New York is an atypical race on the world road-racing circuit. It is one of the few marathons, and the only one in the World Marathon Majors Series (bar the championships, of course) which doesn’t lavish the elite-runners with the luxury of pacemakers and combined with the undulating gradient of the course, the New York Marathon tends to play to the advantage of the tactically astute runner.

The pre-race favourite in the women’s division in 2011 Mary Keitany could have done with a dollop of the racing know-how of an athlete like Edna Kiplagat or Catherine Ndereba as she admitted afterwards she ‘was not thinking’ after her outrageous start almost certainly cost her the victory.

Having won the London Marathon in the spring in a sub-2:20 time, Keitany was slated as many people’s pre-race favourites. In their pre-race preview, letsrun.com stated ‘the women’s race is Keitany’s to lose’ and while over-confidence might not be readily associated with the timidly-spoken Kenyan, maybe she was guilty of this? She was unrelenting in the first-half, passing through 10km in 31:53, 20km in 1:04:21 and halfway in 1:07:56.

New York isn’t a compatible course for a time-trail, as Keitany was soon to find out, but these splits would be ambitious on any course as she was six-seconds inside Paula Radcliffe’s revered world record-pace at the halfway point.

The second group, comprised of team-mates Firehiwot Dado and Buzunesh Deba from Ethiopia, didn’t make immediate inroads into Keitany’s lead as their pre-race plan surely didn’t consist of passing through halfway in course-record pace at 1:10:13. Both were running a long way inside their respective PBs on an uncompromising course and inevitably, they also began to slow.

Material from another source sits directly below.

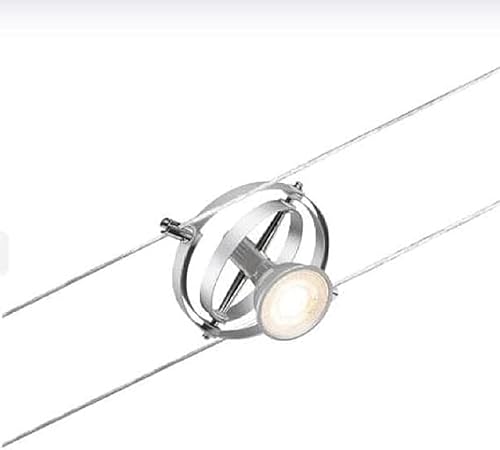 Paulmann Wire Set Cardan max1x10W GU5,3 Chrom matt von Paulmann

Further up the road though, Keitany was coming to a halt. She didn’t wilt immediately but her 5km split between 30-35km fell the wrong side of 18-minutes and her 1:19 lead rapidly evaporated. It would be wrong to say Dado and Deba were making a deliberate bid to close Keitany down as their pace was also slowing but a 5km split of 18:44 between 35-40km showed Keitany had got her race tactics horribly wrong.

To her credit, Keitany did come back to the leaders after being hauled in but her resistance was soon broken after being dropped the second time. An Ethiopian 1-2 looked a certainty and Dado narrowly prevailed ahead of New York resident Deba, 2:23:15 to 2:23:19, with Keitany third In 2:23:38.

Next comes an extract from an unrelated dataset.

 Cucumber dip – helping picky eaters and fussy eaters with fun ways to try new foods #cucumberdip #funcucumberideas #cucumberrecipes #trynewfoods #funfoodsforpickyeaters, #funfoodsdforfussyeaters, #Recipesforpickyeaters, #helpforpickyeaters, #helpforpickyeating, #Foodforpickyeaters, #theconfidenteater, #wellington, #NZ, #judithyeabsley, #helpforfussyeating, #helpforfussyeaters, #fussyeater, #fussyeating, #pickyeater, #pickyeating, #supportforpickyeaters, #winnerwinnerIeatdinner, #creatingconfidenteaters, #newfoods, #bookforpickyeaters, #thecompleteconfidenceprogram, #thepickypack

After a contrasting 2012 season where she retained her London Marathon title before finishing out of the medals at the Olympic Games on a slightly different course a few months later, Keitany has been out of action this year through maternity leave. A third London Marathon title appears the immediate goal and the New York Marathon will surely feature in her plans in the not too distant future.